Unsurprisingly, the most over-the-top talk came from the National Rifle Association:
“Guns don’t kill people. Video games, the media, and Obama’s budget kill people,” NRA Executive Vice President Wayne LaPierre said at a press conference one week after the mass shooting at Sandy Hook Elementary. He continued without irony: “There exists in this country, sadly, a callous, corrupt and corrupting shadow industry that sells and stows violence against its own people through vicious, violent video games with names like Bulletstorm, Grand Theft Auto, Mortal Kombat, and Splatterhouse.”
Has the rhetoric led to any government action?

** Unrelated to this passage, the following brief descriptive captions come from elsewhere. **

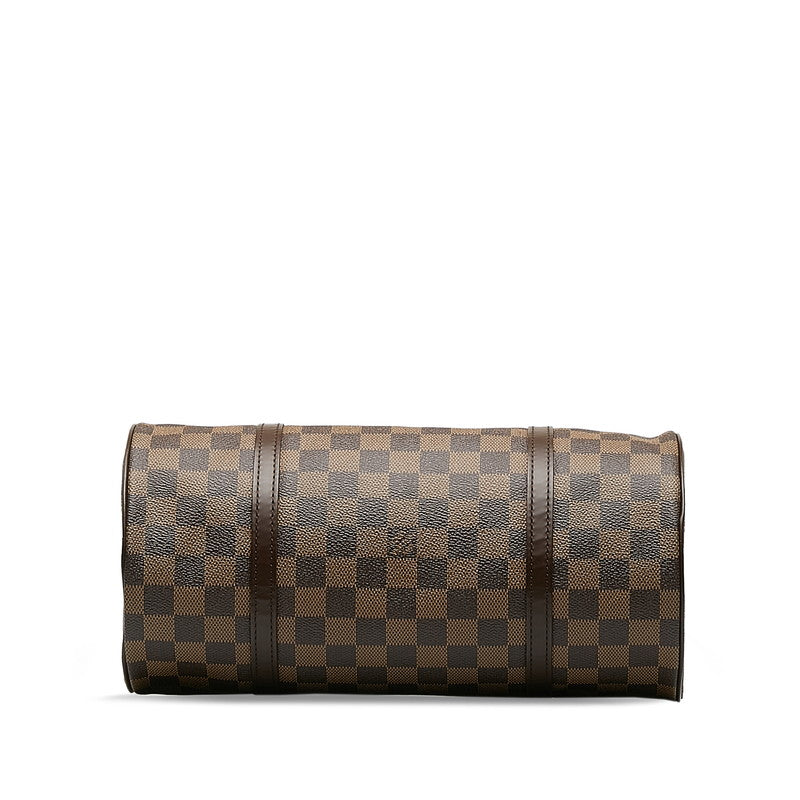 LO-LV bags 1799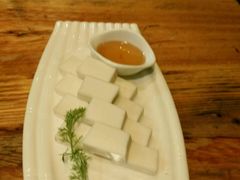 -妈妈菜馆(盛京大奥莱店)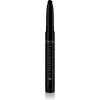 L’Oréal Paris Infaillible gélové očné tiene odtieň 490 All Night Black 1.4 g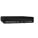 HP 82J79UT#ABA Desktop PC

Yes. Amid a flurry of broader legislative activity on gun violence since Newtown there have been proposals specifically focused on video games. Among them:
State Rep. Diane Franklin, a Republican in Missouri, sponsored a state bill that would impose a 1 percent tax on violent games, the revenues of which would go toward “the treatment of mental-health conditions associated with exposure to violent video games.” (The bill has since been withdrawn.) Vice President Joe Biden has also promoted this idea.
Rep. Jim Matheson (D-Utah) proposed a federal bill that would give the Entertainment Software Rating Board’s ratings system the weight of the law, making it illegal to sell Mature-rated games to minors, something Gov. Chris Christie (R-N.J.) has also proposed for his home state.
A bill introduced in the Senate by Sen. Jay Rockefeller (D-W.Va.) proposed studying the impact of violent video games on children.
So who actually plays these games and how popular are they?
While many of the top selling games in history have been various Mario and Pokemon titles, games from the the first-person-shooter genre, which appeal in particular to teen boys and young men, are also huge sellers.
The new king of the hill is Activision’s Call of Duty: Black Ops II, which surpassed Wii Play as the No. 1 grossing game in 2012. Call of Duty is now one of the most successful franchises in video game history, topping charts year over year and boasting around 40 million active monthly users playing one of the franchise’s games over the internet. (Which doesn’t even include people playing the game offline.) There is already much anticipation for the release later this year of Call of Duty: Ghosts.
The Battlefield games from Electronic Arts also sell millions of units with each release. Irrational Games’ BioShock Infinite, released in March, has sold nearly 4 million units and is one of the most violent games to date. (Read MoJo‘s interview with Irrational’s cofounder and creative director, Ken Levine.)
What research has been done on the link between video games and violence, and what does it really tell us?
Studies on how violent video games affect behavior date to the mid 1980s, with conflicting results. Since then there have been at least two dozen studies conducted on the subject.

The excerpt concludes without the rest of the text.